QUADRO GROTESCO DO SISTEMA PENITENCIARIO NACIONAL. DEFESA DA RECONSIDERAÇÃO DA PROPRIA NOÇÃO DE CRIME E DAS FORMAS PUNITIVAS. URGENCIA NA PROMOÇÃO DA REVISÃO PROFUNDA, ABERTA E CONSENTANEA DO CODIGO PENAL E, POR DERIVAÇÃO, DA LEI DE EXECUÇÕES PENAIS. APLAUSOS AO PROJETO DE LEI EM TRAMITAÇÃO NESTA CASA, QUE TRATA DO DENOMINADO EFEITO VINCULANTE, FORMULA HABIL DE DESCONGESTIONAR AS INSTANCIAS JURISDICIONAIS. CONGRATULANDO-SE COM A CNBB PELA TÃO OPORTUNA E CONVENIENTE CAMPANHA DA FRATERNIDADE DESTE ANO. APELO A OAB E AOS MAGISTRADOS PARA QUE DEFLAGREM UM MOVIMENTO DE 'MUTIRÃO DA JUSTIÇA.'

Autor
Casildo Maldaner (PMDB - Movimento Democrático Brasileiro/SC)
Nome completo: Casildo João Maldaner
Casa
Senado Federal
Tipo
Discurso
Resumo por assunto
POLITICA PENITENCIARIA. IGREJA CATOLICA.:
  • QUADRO GROTESCO DO SISTEMA PENITENCIARIO NACIONAL. DEFESA DA RECONSIDERAÇÃO DA PROPRIA NOÇÃO DE CRIME E DAS FORMAS PUNITIVAS. URGENCIA NA PROMOÇÃO DA REVISÃO PROFUNDA, ABERTA E CONSENTANEA DO CODIGO PENAL E, POR DERIVAÇÃO, DA LEI DE EXECUÇÕES PENAIS. APLAUSOS AO PROJETO DE LEI EM TRAMITAÇÃO NESTA CASA, QUE TRATA DO DENOMINADO EFEITO VINCULANTE, FORMULA HABIL DE DESCONGESTIONAR AS INSTANCIAS JURISDICIONAIS. CONGRATULANDO-SE COM A CNBB PELA TÃO OPORTUNA E CONVENIENTE CAMPANHA DA FRATERNIDADE DESTE ANO. APELO A OAB E AOS MAGISTRADOS PARA QUE DEFLAGREM UM MOVIMENTO DE 'MUTIRÃO DA JUSTIÇA.'
Publicação
Publicação no DSF de 08/03/1997 - Página 5124
Assunto
Outros > POLITICA PENITENCIARIA. IGREJA CATOLICA.
Indexação
  • ANALISE, PRECARIEDADE, SISTEMA PENITENCIARIO, PAIS, NECESSIDADE, ALTERAÇÃO, CODIGO PENAL, RECONSIDERAÇÃO, TIPICIDADE, FORMA, PUNIÇÃO, CRIME.
  • ELOGIO, PROJETO DE LEI, TRAMITAÇÃO, SENADO, IMPLANTAÇÃO, EFEITO VINCULANTE, AGILIZAÇÃO, JUSTIÇA, PAIS.
  • CONGRATULAÇÕES, CONFERENCIA NACIONAL DOS BISPOS DO BRASIL (CNBB), IMPORTANCIA, CAMPANHA DA FRATERNIDADE, DEFESA, MELHORIA, SITUAÇÃO, PRESIDIO, RESPEITO, DIGNIDADE, PRESO.
  • SOLICITAÇÃO, ORDEM DOS ADVOGADOS DO BRASIL (OAB), REUNIÃO, MAGISTRADO, ANALISE, PROCESSO, PRESO, CUMPRIMENTO, PENA, PERMANENCIA, PRESIDIO.

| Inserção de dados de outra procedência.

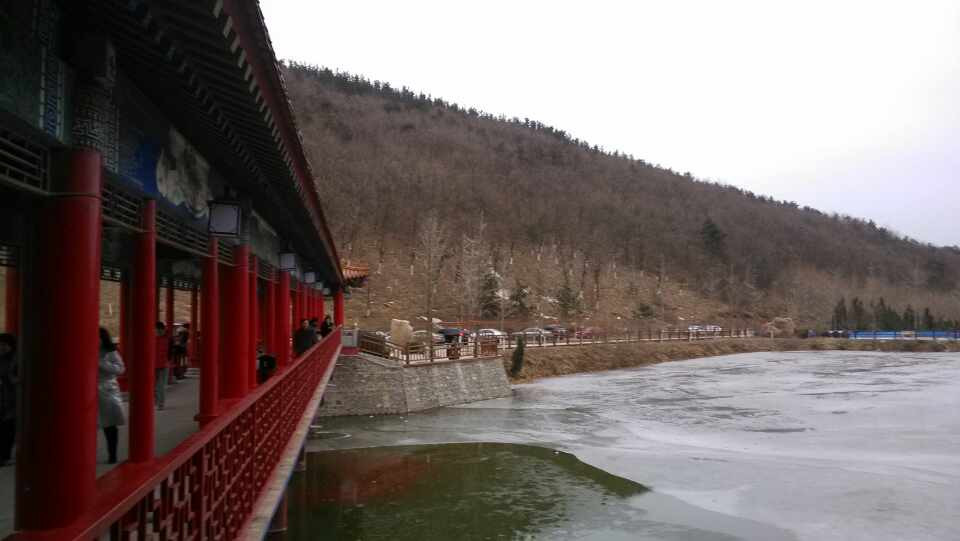 旅顺龙王塘樱花园-大连市必去景点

O SR. CASILDO MALDANER (PMDB-SC. Pronuncia o seguinte discurso.) - Sr. Presidente, Srªs e Srs. Senadores, tema de maior relevância na discussão dos problemas brasileiros dos tempos atuais é, fora de dúvida, o relacionado ao nosso sistema penitenciário. O assunto está intimamente ligado ao Direito Penal. Tem a ver com a capacidade do Estado de punir os infratores das normas promulgadas com o fim de se manter o mínimo de ordem e respeito social.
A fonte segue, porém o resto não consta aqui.